Janet Moran knows that Jason is in heaven, and that she’ll see him again one day. He is her guardian angel.

“If it were not by the grace of God, I wouldn’t make it through each day,” she said.

At the same time, the Morans relied on the community’s unwavering, overwhelming encouragement and love.

In the immediate aftermath of the drowning, it was the congregation of Who So Ever Will Church in Edinburgh who took the family in — praying with them, providing meals for them, giving them a place to stay during the agonizing wait to find Jason’s body.

Trees, telephone poles and any other surface were tied in blue ribbons. “Franklin Strong” became a rallying cry uniting the entire community during its collective grief.

“I don’t think we could have survived without our family and friends. It showed you who your true friends were,” Van Meter said.

Office Pride, where Janet Moran works in the corporate office, has been particularly understanding about their loss. Office Pride owner Todd Hopkins and his wife, Michelle, have constantly checked in to see how she’s coping.

Beyond the cards and letters of condolence, her bosses and co-workers have been the support during the work day that her family has been the rest of the time.

They continue to work with her when the grief wells up.

“They get me through every day. They’re very caring, they’ve been with me through the whole thing,” Janet Moran said.

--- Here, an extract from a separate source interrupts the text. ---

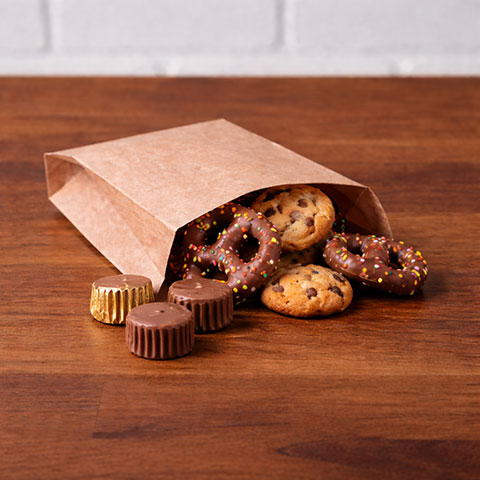 3 x 5 Brown 2000 Recycled Brown Kraft Paper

Time has helped dull the sharp edges of loss that Jason’s death brought. But the feelings of loss haven’t dissipated. They likely never will.

Janet Moran has only recently been able to look at pictures of her son. The family has mounted framed photographs of him in their living room. Jason in his football uniform, in past school pictures and hanging out with his family showcase his smiling face.

A shot of Jason posing with his older brother, Jacob Moran, has been blown up to nearly poster size. The two boys are both wearing football uniforms, both in No. 28, taken when Jason was a freshman and Jacob was a senior at Franklin.

“A part of me is gone,” Janet Moran said. “But then, I feel he’s still here with me a lot, too.”